From the line containing "- Thumbnail 3" down to the line containing "Fehér fémes karkötő, Ékszer, Karkötő, Gyöngyös", copy out the entries below exactly, both lines included, and nothing else; pictures do not belong in the copy.

▶ _SOURCE RECORDS_
┏━━
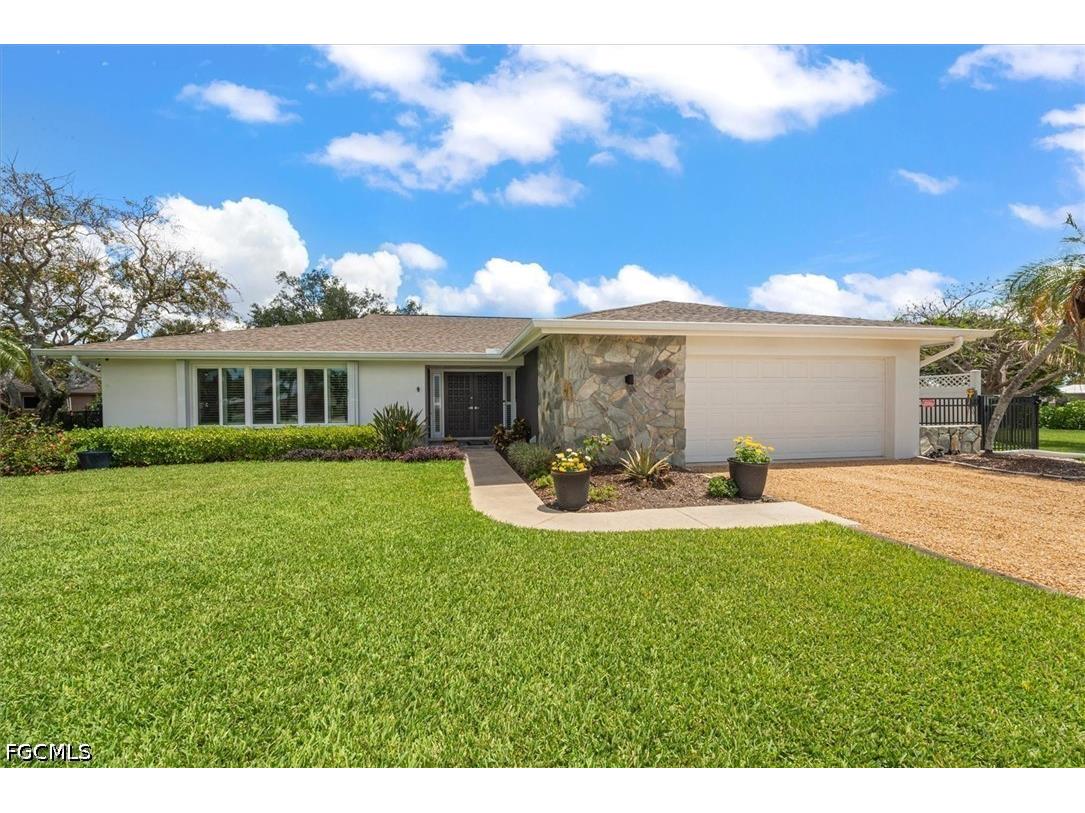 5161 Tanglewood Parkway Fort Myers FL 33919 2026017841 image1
┗━━
┏━━
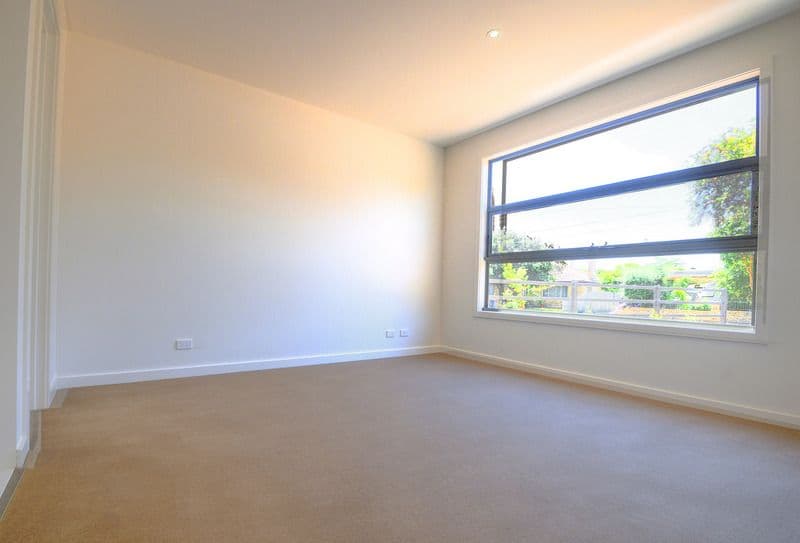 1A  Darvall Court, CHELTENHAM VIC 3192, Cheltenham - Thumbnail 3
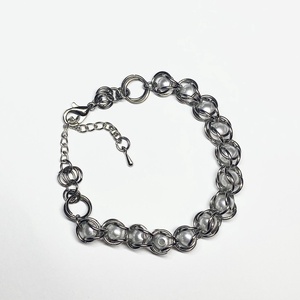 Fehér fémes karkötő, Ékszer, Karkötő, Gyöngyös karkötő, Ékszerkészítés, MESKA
┗━━
▶ _WRITTEN SOLUTION_
 1A  Darvall Court, CHELTENHAM VIC 3192, Cheltenham - Thumbnail 3
 Fehér fémes karkötő, Ékszer, Karkötő, Gyöngyös karkötő, Ékszerkészítés, MESKA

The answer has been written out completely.